Starting with the line that contains "Organic Sprouting Seed: Mung Bean" and ending with the last line of the listing, print each line exactly. Pictures stay out.

*Information provided:*
-----

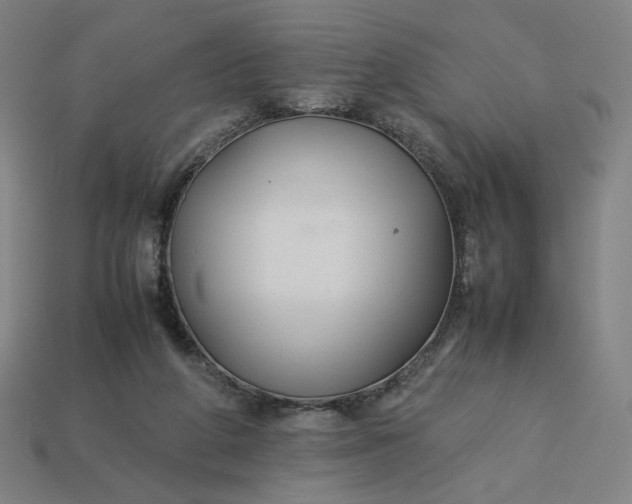 X0000113370210200910061107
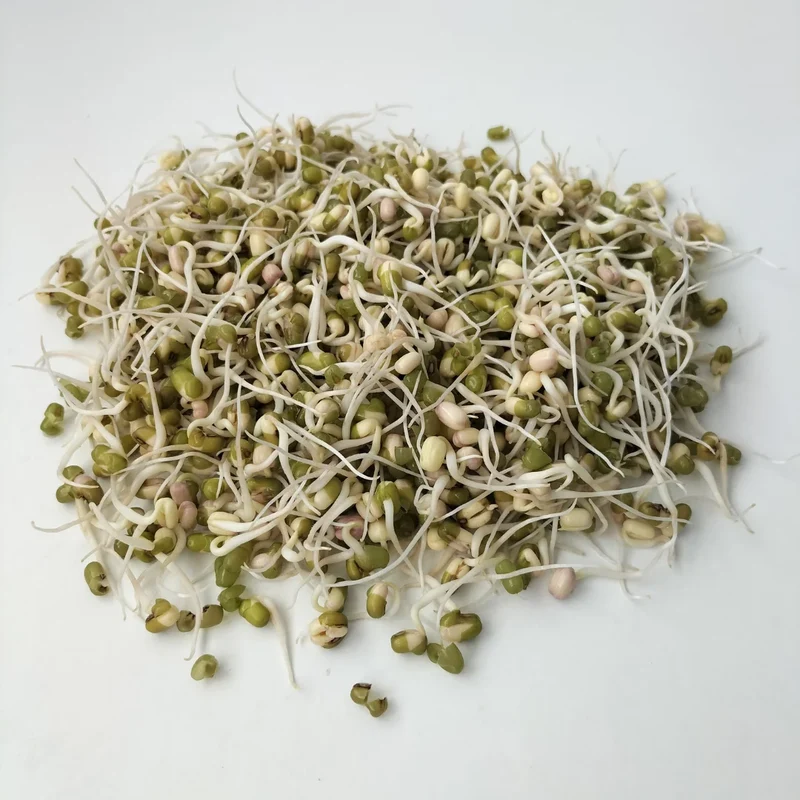 Organic Sprouting Seed: Mung Bean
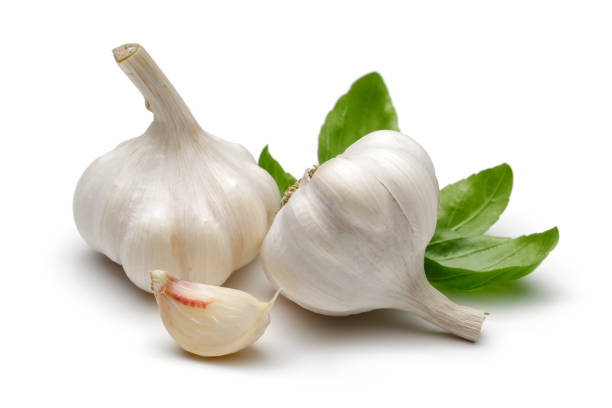 цельный зубчик чеснока и чеснока с листьями базилика - garlic freshness isolated vegetarian food стоковые фото и изображения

-----

*Reply:*
 Organic Sprouting Seed: Mung Bean
 цельный зубчик чеснока и чеснока с листьями базилика - garlic freshness isolated vegetarian food стоковые фото и изображения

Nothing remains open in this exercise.